Aka AQIM; GSPC; Le Groupe Salafiste Pour la Predication et le Combat; Salafist Group for Preaching and Combat; Salafist Group for Call and Combat; Tanzim al-Qa’ida fi Bilad al-Maghrib al-Islamiya
Description: The Salafist Group for Call and Combat (GSPC) was designated as an FTO on March 27, 2002. The Department of State amended the GSPC designation on February 20, 2008, after the GSPC officially joined with al-Qa’ida (AQ) in September 2006 and became al-Qa’ida in the Islamic Maghreb (AQIM). Although AQIM remains largely a regionally focused terrorist group, it has adopted a more anti-Western rhetoric and ideology. The group aspires to overthrow “apostate” African regimes and create an Islamic state. AQIM is led by Abdelmalek Droukdel, also known as Abu Mus’ab Abd al-Wadoud.
Activities: Following AQIM’s 2007 bombing of the UN headquarters building and an Algerian government building in Algiers, which killed 60 people, AQIM’s northern leadership was contained to northeastern Algeria, while the group’s southern battalions focused mostly on kidnapping-for-ransom efforts. In 2011 and 2012, however, AQIM took advantage of the deteriorating security situation across Libya, Mali, and Tunisia to expand its operations. Terrorists with ties to AQIM were involved in the September 11, 2012, attack on U.S. facilities in Benghazi that killed U.S. Ambassador to Libya J. Christopher Stevens and three other embassy staff members. In April 2014, AQIM killed 14 Algerian soldiers in an ambush east of Algiers.
In January 2015, AQIM claimed responsibility for an attack on a UN vehicle in Kidal, Mali, which wounded seven peacekeepers. That same year, AQIM twice attacked UN convoys near Timbuktu, Mali, with small arms and rocket-propelled grenades; three peacekeepers were killed in a May 2015 attack and another six were killed in a July attack. In November 2015, AQIM, in cooperation with other terrorist groups, attacked the Radisson Blu Hotel in Bamako, Mali, taking more than 170 hostages, including U.S. citizens. As many as 27 people were killed in the attack, among them a U.S. international development worker.
In January 2016, AQIM carried out an attack on a hotel in Burkina Faso that killed 28 people and injured 56. In March 2016, AQIM claimed responsibility for a strike on a popular tourist beach resort in Cote d’Ivoire that killed more than 16 people and wounded another 33.
AQIM has continued to conduct kidnapping-for-ransom operations, typically targeting Western citizens from governments or third parties that have an established pattern of paying ransom for the release of individuals.

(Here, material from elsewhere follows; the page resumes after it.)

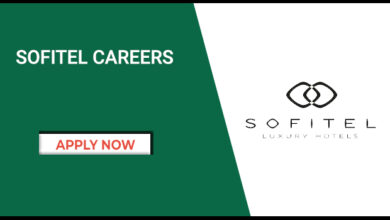 Sofitel Careers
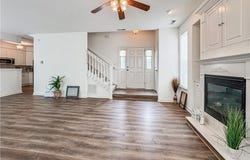 4441 Salem Springs Way, Virginia Beach, VA 23456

In November 2014, AQIM released a video of two Western hostages (a Dutch national and a French national), who were later released in December 2014.

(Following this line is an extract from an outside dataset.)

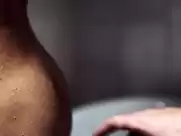 Yang Ge - Trinity Sunday (2019)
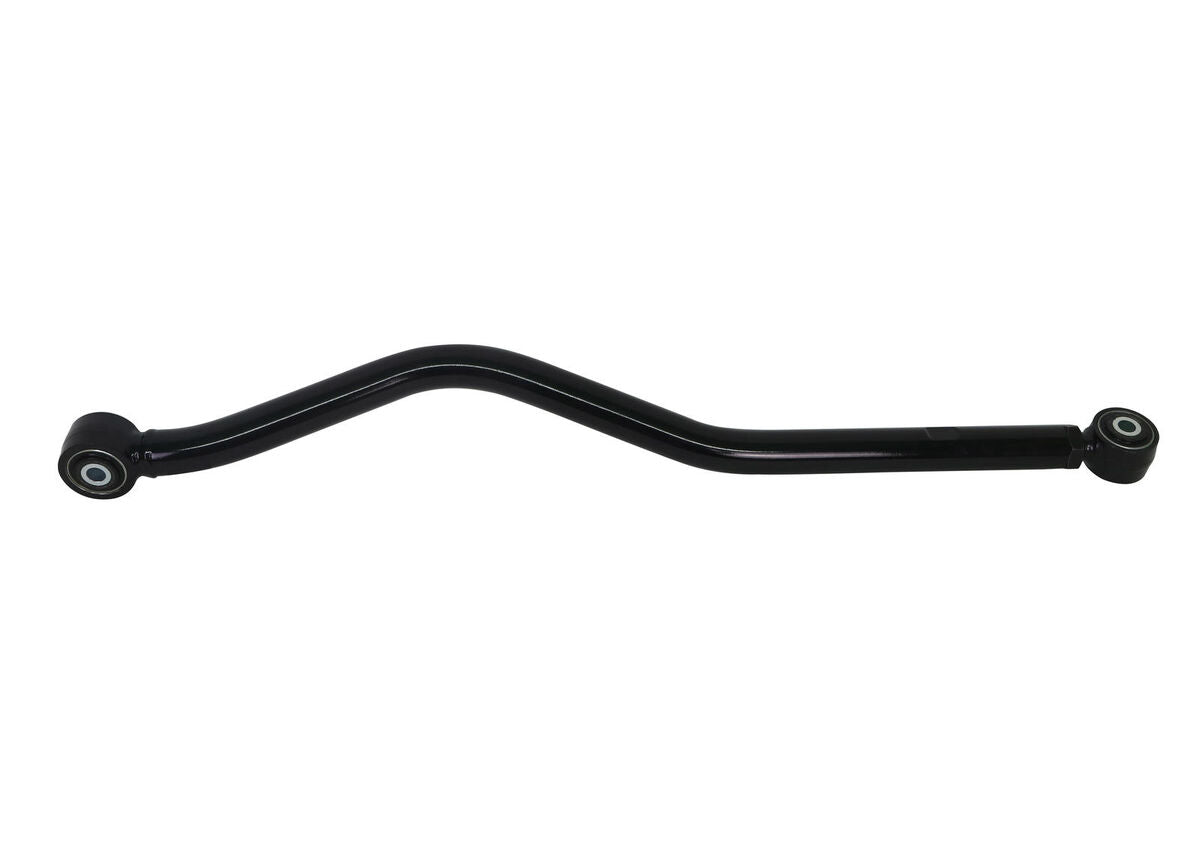 TRC1191 SuperPro Front Adjustable Panhard Rod to suit Jeep Wrangler JK 2007-2018 | Genuine SuperPro Suspension Component - photo 3 of 3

In January 2017, AQIM conducted a suicide attack that left more than 50 people dead in Gao, Mali. In July 2018, AQIM claimed responsibility for a vehicle suicide attack on an army patrol in Gao that killed four civilians and wounded 31 others, including four French soldiers.
In January 2019, AQIM claimed responsibility for an attack on a UN camp in northern Mali, killing 10 peacekeepers and wounding 25 others.

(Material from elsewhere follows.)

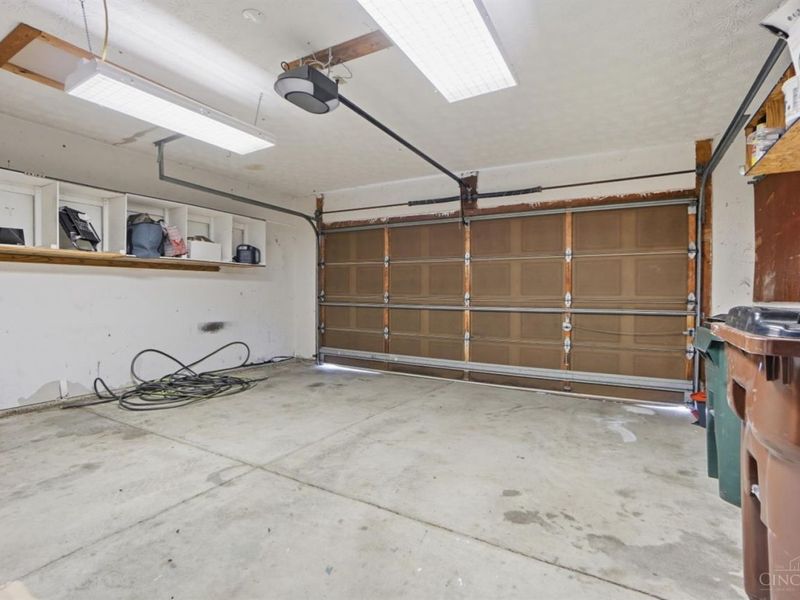 921 Briarwood Court, Mason, OH 45040 Photo 41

Strength: AQIM has an estimated 1,000 fighters operating in the Sahel, including Algeria, northern Mali, southwest Libya, and Niger.
Location/Area of Operation: Algeria, Burkina Faso, Cote d’Ivoire, Libya, Mali, Niger, and Tunisia
Funding and External Aid: AQIM members engage in kidnapping-for-ransom and other criminal activities to finance their operations. AQIM also successfully fundraises globally and receives limited financial and logistical assistance from supporters residing in Western Europe.